I used store bought butter milk. Here's what I did. I pulled the buttermilk and rennet out of the fridge a couple hours before I set the cheese so it would be room temp. I heated a gallon of milk to 86 degrees. To the warm milk I added 1/3 cup buttermilk and stirred. I added 6 drops of rennet to five tablespoons and added 1 tablespoon of that to the milk. I let it sit at room temperature for 8 hours. The curd formed so I cut it into cubes. I lined and old milk srainer with cheesecloth (12 quart) and ladled the curds into it. I set the strainer into a 2 gallon bucket to catch the whey.
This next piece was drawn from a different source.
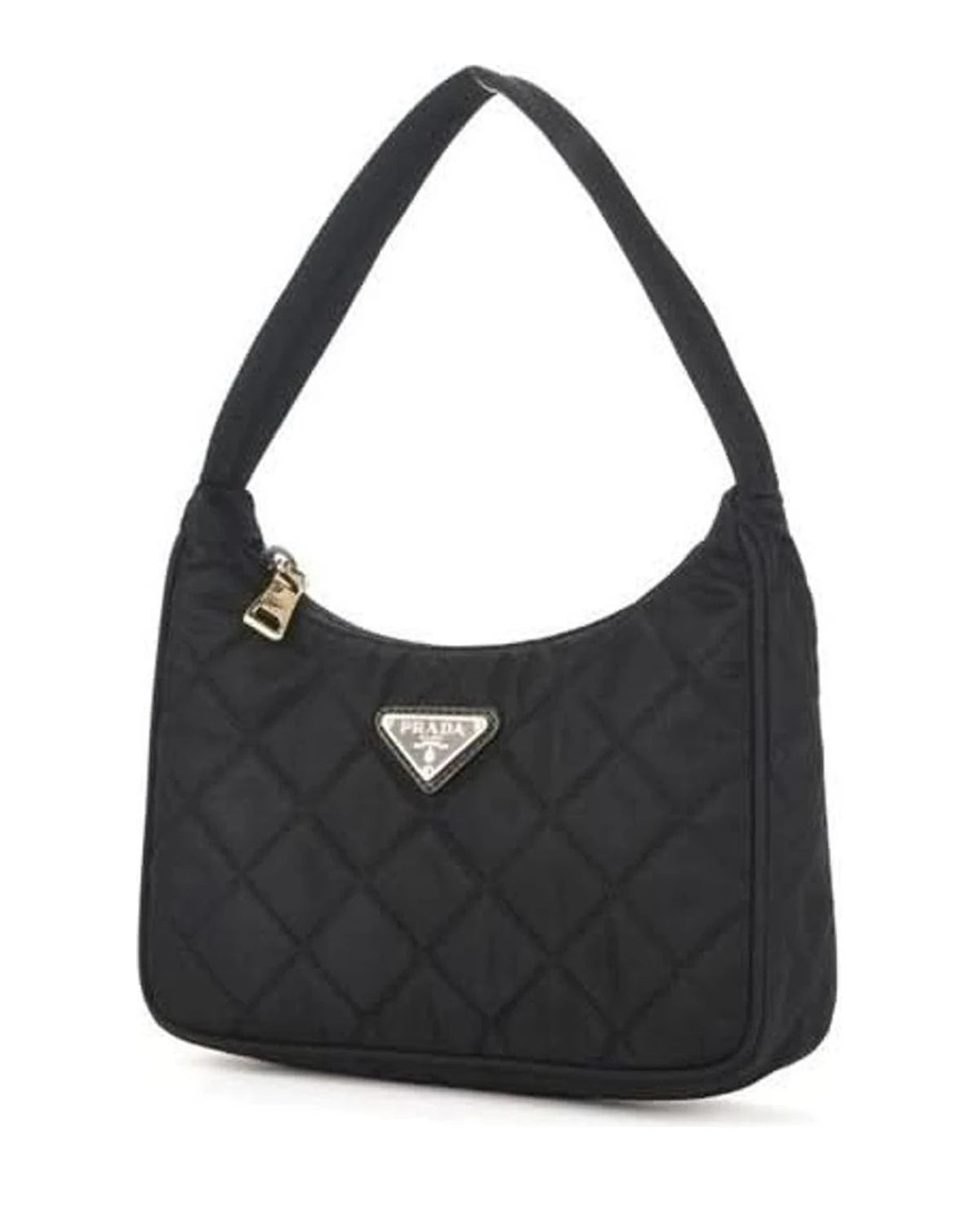 Prada Black Nylon Shoulder Bag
I then tightened the cheesecloth and squeezed as hard as I could, repeating that several times over an hour. I put the strainer and two gallon bucket into the fridge and left it there overnight and well into the next afternoon. The curd settled into the bottom of the strainer which molds it nicely. when I pulled it out I put the cheesecloth onto a cutting board, opened it and spread everything out. It tasted rather bland so I lightly salted everthing and packaged it in 6 ounce containers.


----------



## Goat Town (Nov 20, 2010)

I fiddled with the above recipe again this week because I have an abundance of milk right now. First I doubled it, setting two gallons of milk. I used twice as much buttermilk and twice as much rennet. I also hung the cheese bag for five hours before taking it to the fridge for overnight. The chevre was much drier, had a nice flavor, and needed no salt. It was more crumbly and perfect for the lasgna I was making. I think because it's drier, it will freeze better. Tasters last night appreciated the flavor and asked me how soon I could make some more and could I season it differently. So with the next batch I'm going to try sun dried tomatoes and basil.


----------